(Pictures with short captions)

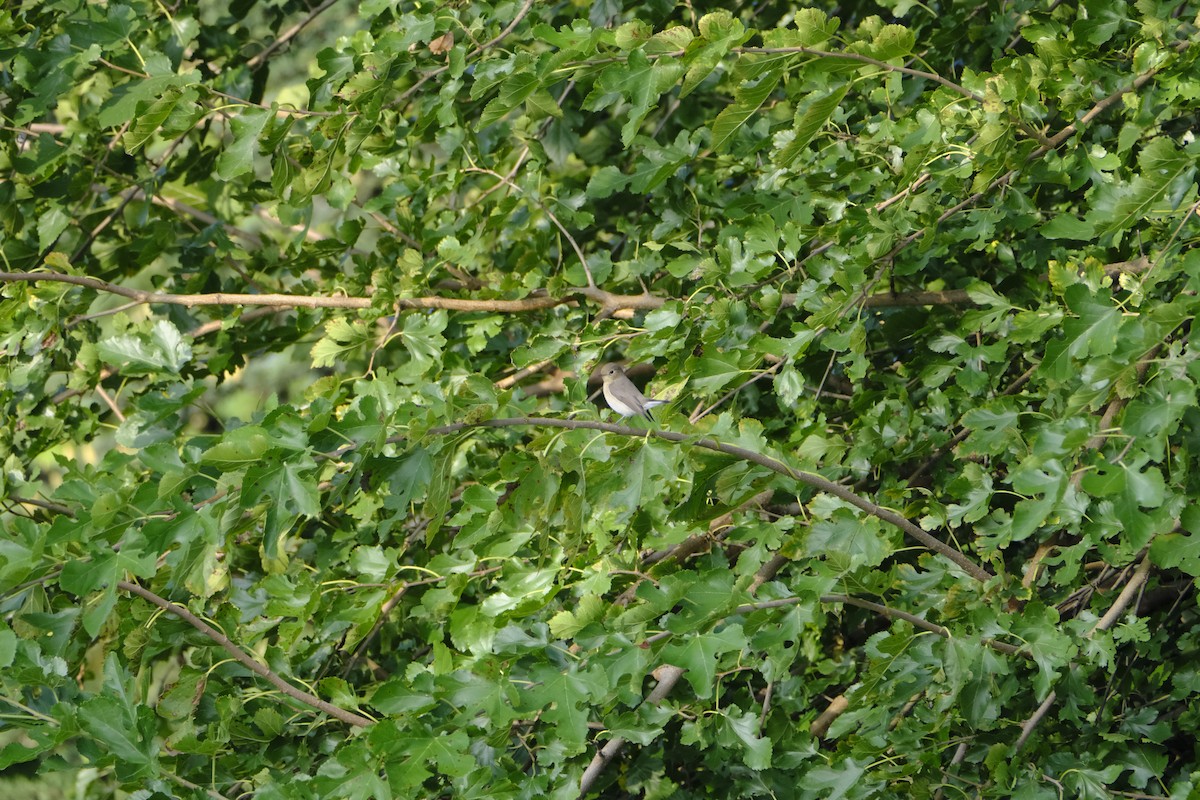 Red-breasted Flycatcher - ML617934721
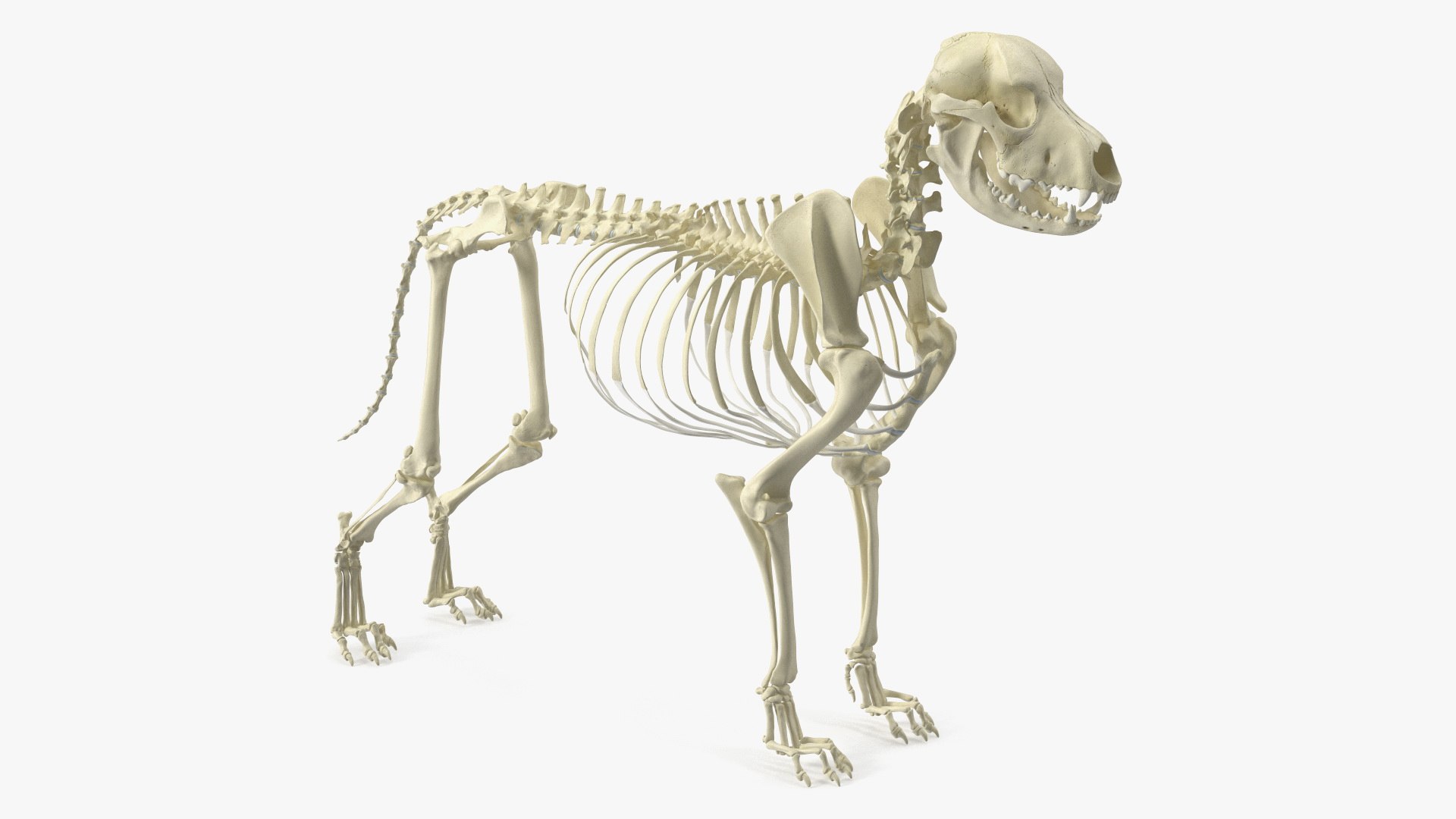 Dog Skeleton Anatomy 3D model preview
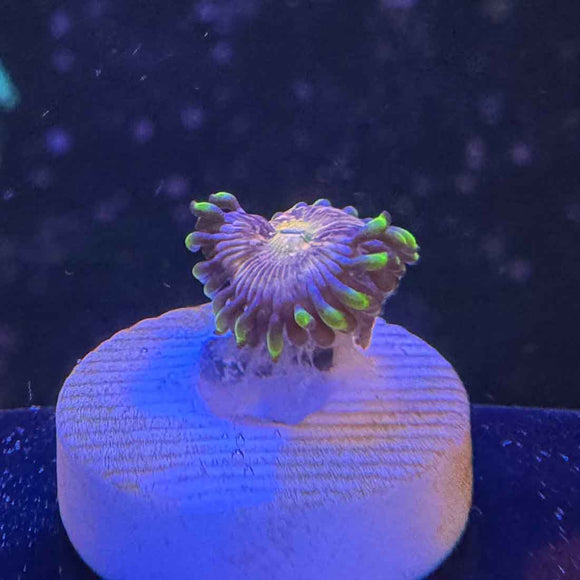 Nrivana Zoanthids Coral (ZN22 WYSIWYG)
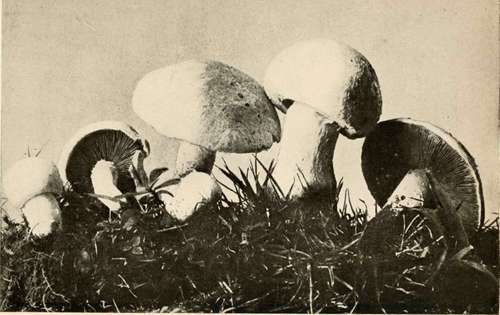 Field Mushroom (Edible)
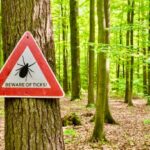 Tick, Tick, Spring Signals the Spread of Lyme Disease in the US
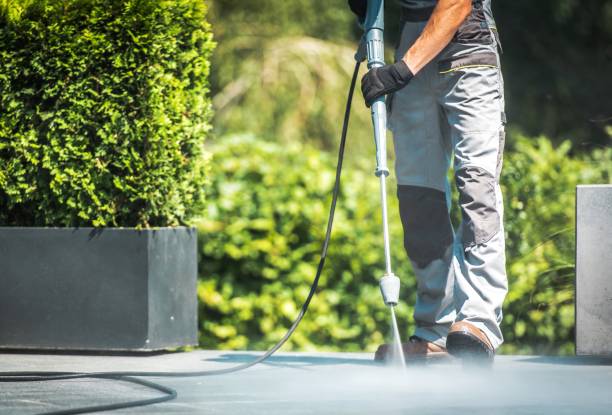 Best Fence Cleaning  in Hayden, CO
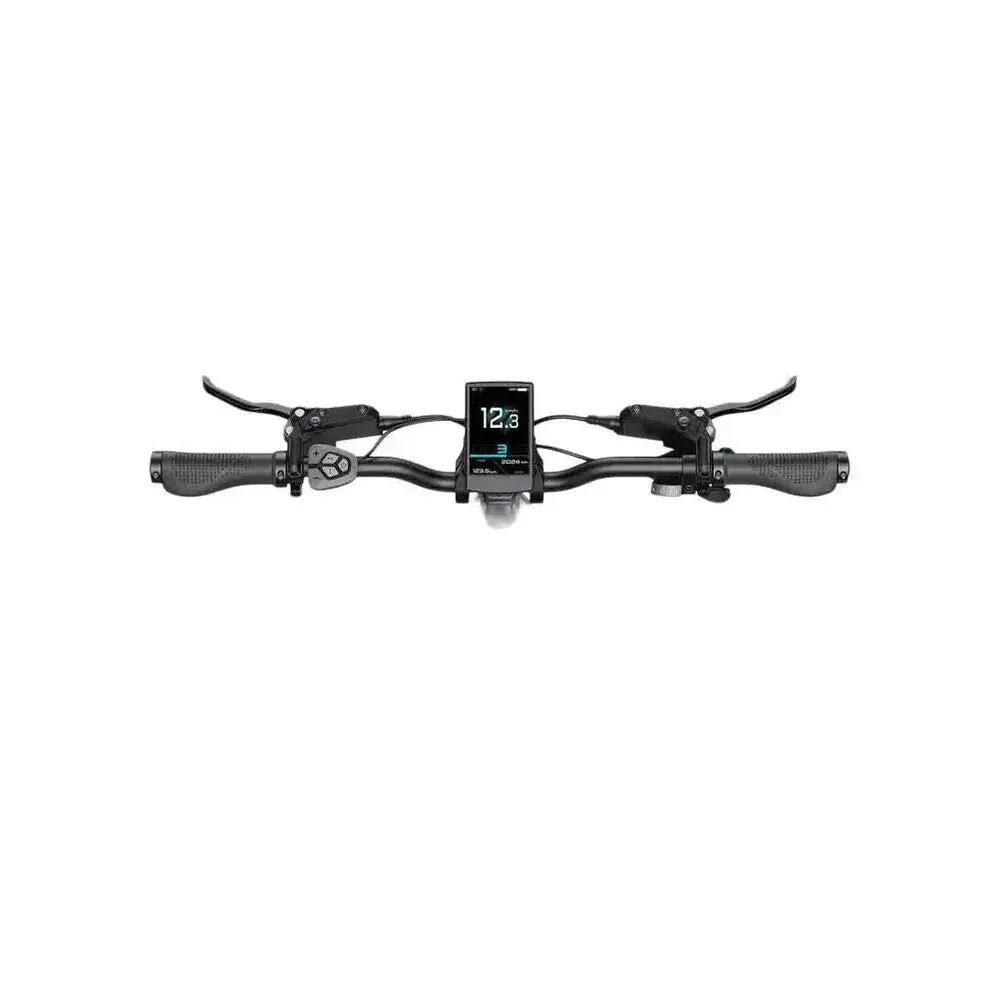 L20 3.0 Pro - Bicicleta plegable eléctrica - 20 pulgadas - 250W - Champán 7/7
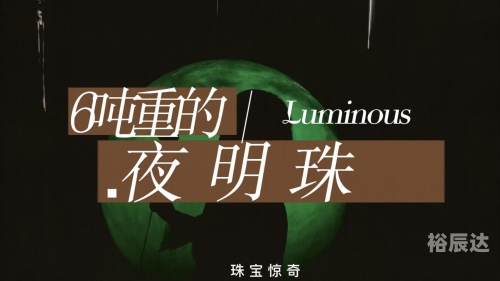 夜明珠预测-第2张图片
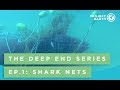 The Deep End Series Episode 1: Shark Nets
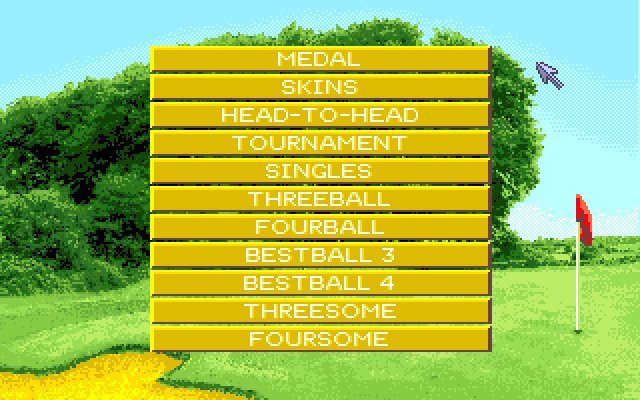 David Leadbetter's Greens Amiga Screenshot: Choosing some game options.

■ **EXERCISE DESCRIPTION**
Make an exact copy of only those lines that run from the line with "L20 3.0 Pro" through the end of the records, excluding pictures.

■ **EXPECTED ANSWER**
 L20 3.0 Pro - Bicicleta plegable eléctrica - 20 pulgadas - 250W - Champán 7/7
 夜明珠预测-第2张图片
 The Deep End Series Episode 1: Shark Nets
 David Leadbetter's Greens Amiga Screenshot: Choosing some game options.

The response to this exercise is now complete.